[Start of section]

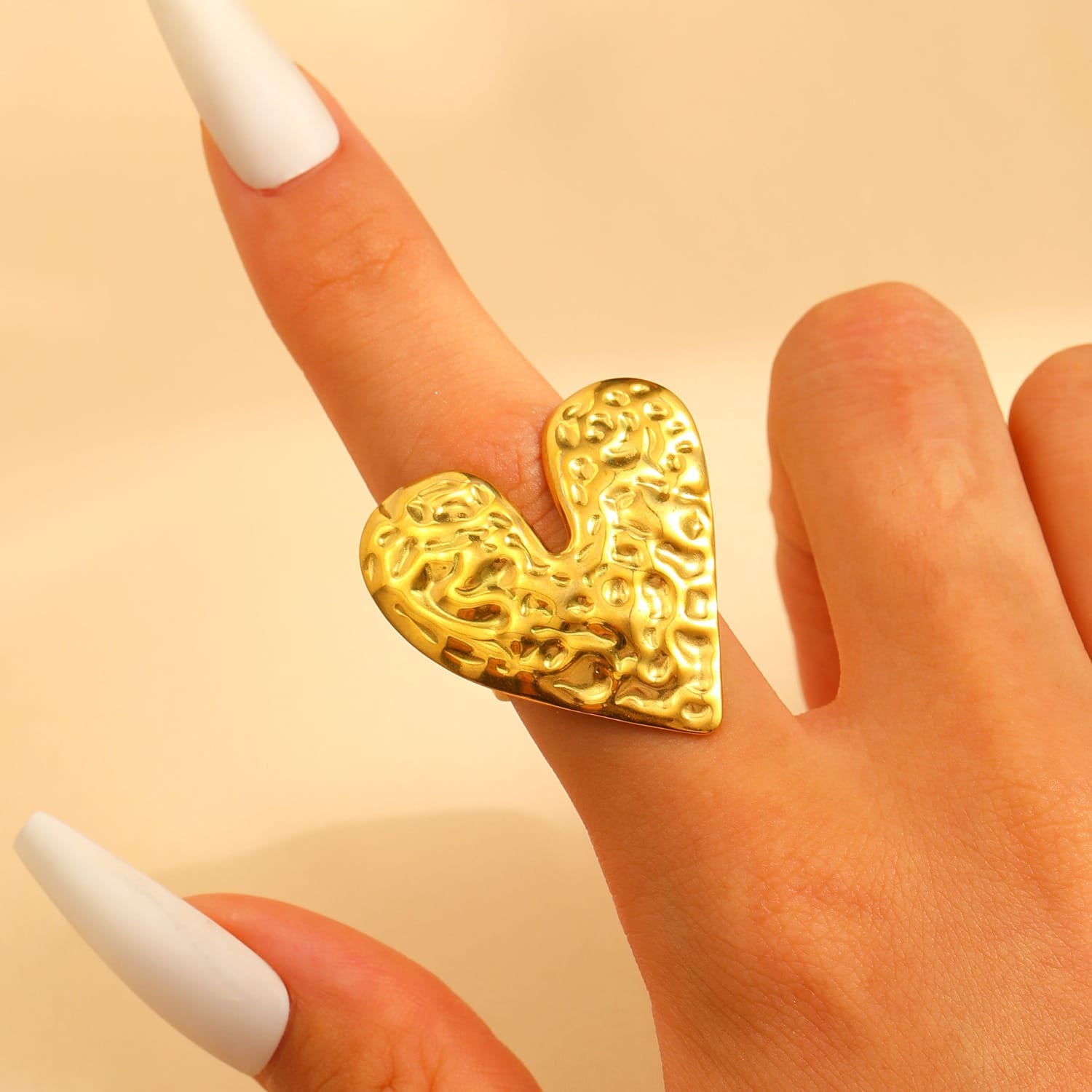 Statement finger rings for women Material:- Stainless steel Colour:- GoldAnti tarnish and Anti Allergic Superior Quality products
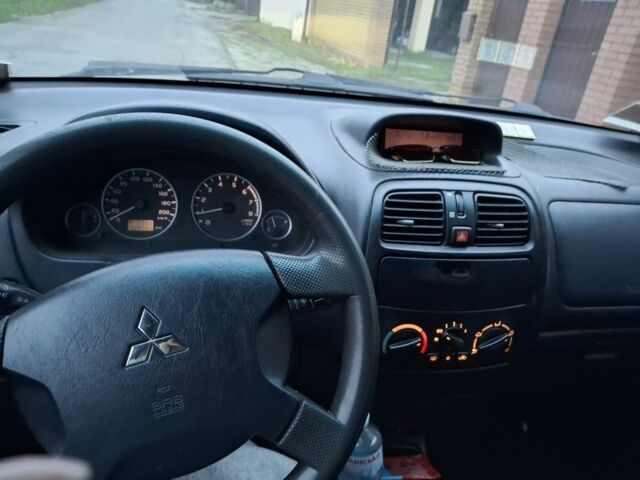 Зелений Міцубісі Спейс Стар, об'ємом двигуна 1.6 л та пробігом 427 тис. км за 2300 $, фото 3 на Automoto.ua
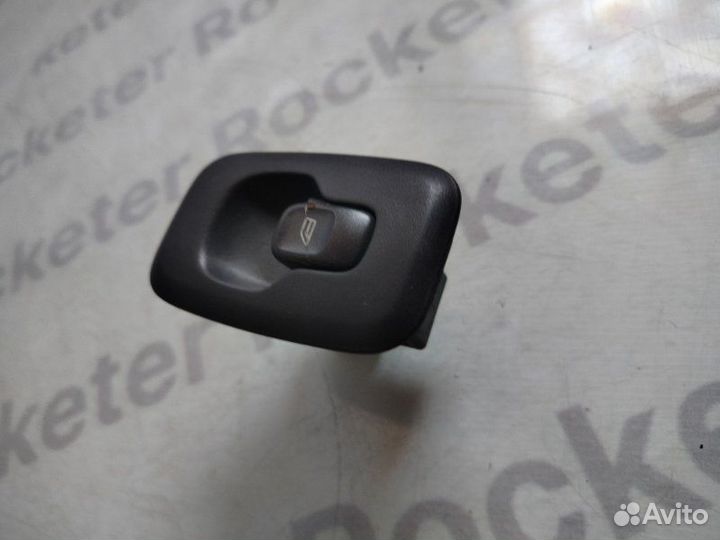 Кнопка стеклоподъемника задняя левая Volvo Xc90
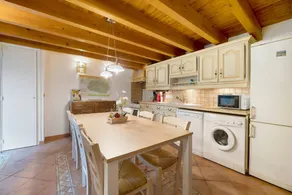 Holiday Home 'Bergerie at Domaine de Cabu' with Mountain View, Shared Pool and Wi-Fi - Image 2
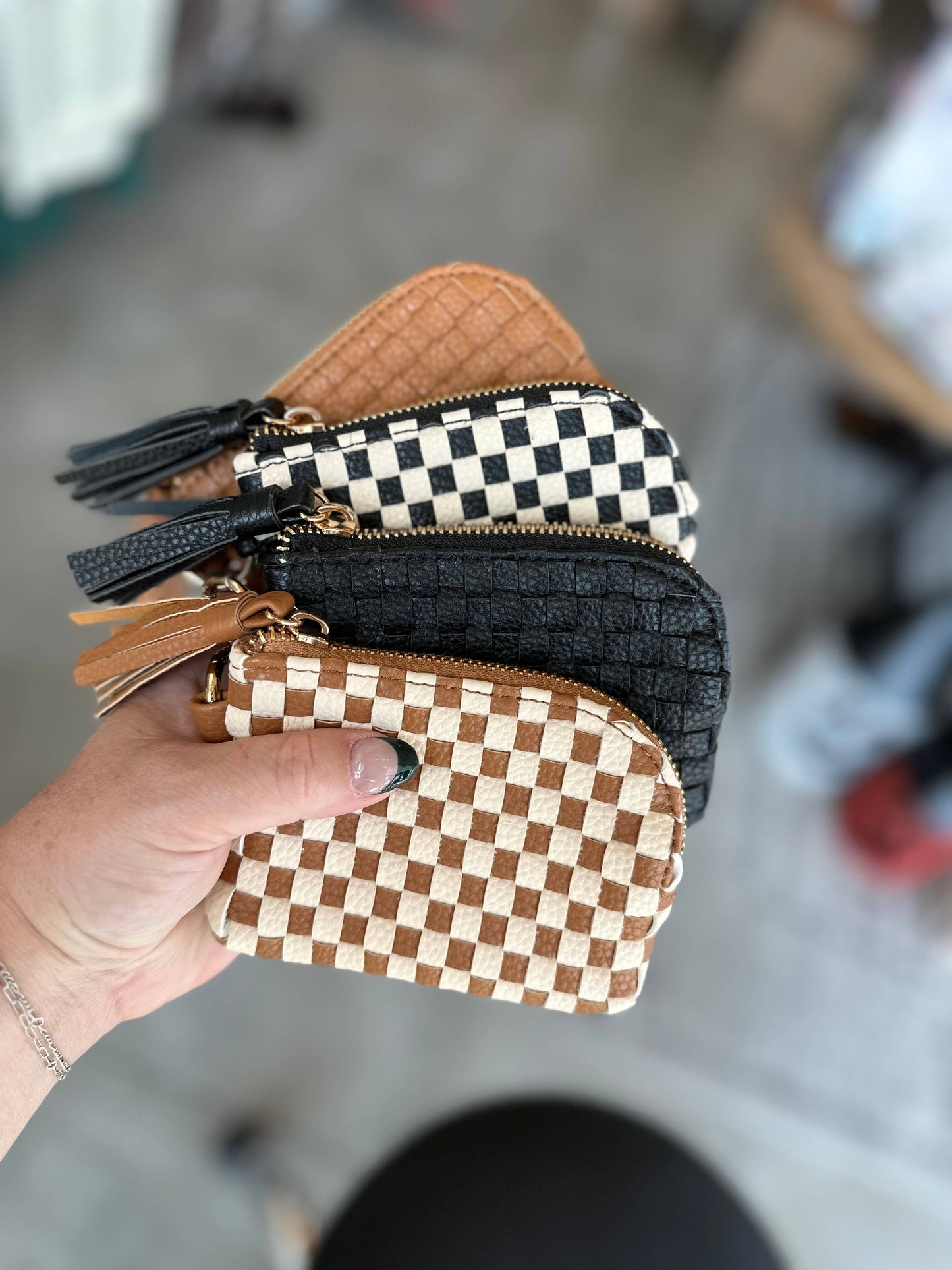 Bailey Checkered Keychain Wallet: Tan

[End of section]

→ **TO DO**: Before handing back the copy, remove the pictures; otherwise print the data exactly.

→ **SOLVED PROBLEM**:
 Statement finger rings for women Material:- Stainless steel Colour:- GoldAnti tarnish and Anti Allergic Superior Quality products
 Зелений Міцубісі Спейс Стар, об'ємом двигуна 1.6 л та пробігом 427 тис. км за 2300 $, фото 3 на Automoto.ua
 Кнопка стеклоподъемника задняя левая Volvo Xc90
 Holiday Home 'Bergerie at Domaine de Cabu' with Mountain View, Shared Pool and Wi-Fi - Image 2
 Bailey Checkered Keychain Wallet: Tan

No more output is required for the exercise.